Code to switch the frame from Mass Storage mode to Mini Monitor mode

A picture can only be written to the photo frame when it is in Mini Monitor mode (and it is INITialized). However, when it is found in Mass Monitor mode, it can be switched to Mini Monitor mode by a script. The code reqired is:

dev.ctrl_transfer(0x00|0x80,  0x06, 0xfe, 0xfe, 0xfe )

Settling on the USB bus takes <0.5sec, but give it some extra time.

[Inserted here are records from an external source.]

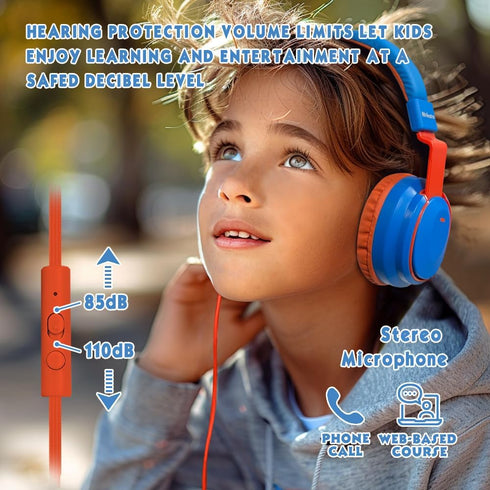 Headphone Kids Volume Limited 85/96dB Wired Over-Ear/On-Earr Foldable Headset with Inline Cable Aux 3.5mm Cord Mic for Boy Girl Child School PC No...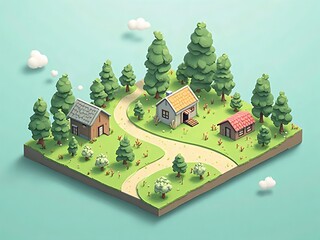 アイソメトリック, 3Dマップ, 地図, ゲームマップ, 自然, 景色, 環境問題, 森の中の家, ゲーム風景, ミニモデル, 風景, 木, ジオラマ, 3D, イラスト, 季節, 粘土, 建築, 観光, 旅行, 山, 森, 空, 太陽, パネル, 環境の, ビジネス, むら, 草, デザイン, 野原, 家, 町, 村, 村落, 集落, バカンス, くつろいで, 庭, ファーム, コテージ、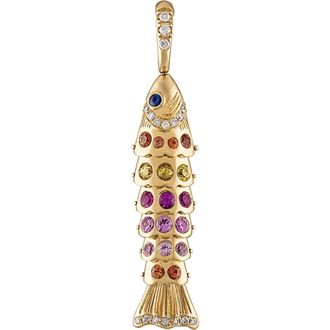 Eden Presley Swedish Fish Pendant in Yellow Gold Rainbow Small at Nordstrom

A stripped down version of a program which takes care of switching and initialization and can be fed with pictures of any size and (almost any) type is following. Note the use of the Image module for image manipulation, and of StringIO to avoid writing and reading temp files to/from disk:

#!/usr/bin/python
# -*- coding: UTF-8 -*-

import os
import sys
import time
import usb.core
import usb.util
import StringIO
import Image
import struct

def write_jpg2frame(dev, pic):
    """Attach header to picture, pad with zeros if necessary, and send to frame"""
    # create header and stack before picture
    # middle 4 bytes have size of picture
    rawdata = b"\xa5\x5a\x18\x04" + struct.pack('<I', len(pic)) + b"\x48\x00\x00\x00" + pic
    # total transfers must be complete chunks of 16384  = 2 ^14. Complete by padding with zeros
    pad = 16384 - (len(rawdata) % 16384) +1         
    tdata = rawdata + pad * b'\x00'
    ltdata = len(tdata)
    # Syntax: write(self, endpoint, data, interface = None, timeout = None):
    endpoint = 0x02               
    dev.write(endpoint, tdata )
   

def get_known_devices():
    """Return a dict of photo frames"""
    # listed as: Name, idVendor, idProduct, [width , height - in pixel if applicable]
    #
    # Samsung SPF-87H in either mini monitor mode or mass storage mode
    SPF87H_MiniMon   = {'name':"SPF87H Mini Monitor", 'idVendor':0x04e8, 'idProduct':0x2034, 'width':800, 'height':480 }
    SPF87H_MassSto   = {'name':"SPF87H Mass Storage", 'idVendor':0x04e8, 'idProduct':0x2033}
   
    # Samsung SPF-107H (data from web reports - not tested)
    SPF107H_MiniMon  = {'name':"SPF107H Mini Monitor", 'idVendor':0x04e8, 'idProduct':0x2036, 'width':1024, 'height':600 }
    SPF107H_MassSto  = {'name':"SPF107H Mass Storage", 'idVendor':0x04e8, 'idProduct':0x2035}
   
    # Samsung SPF-83H (data from web reports - not tested)
    SPF107H_MiniMon  = {'name':"SPF107H Mini Monitor", 'idVendor':0x04e8, 'idProduct':0x200d, 'width':800, 'height':600 }
    SPF107H_MassSto  = {'name':"SPF107H Mass Storage", 'idVendor':0x04e8, 'idProduct':0x200c}
   
    return    ( SPF87H_MiniMon, SPF87H_MassSto, SPF107H_MiniMon, SPF107H_MassSto, SPF107H_MiniMon, SPF107H_MassSto )
 

def find_device(device):
    """Try to find device on USB bus."""
    return usb.core.find(idVendor=device['idVendor'], idProduct=device['idProduct'])   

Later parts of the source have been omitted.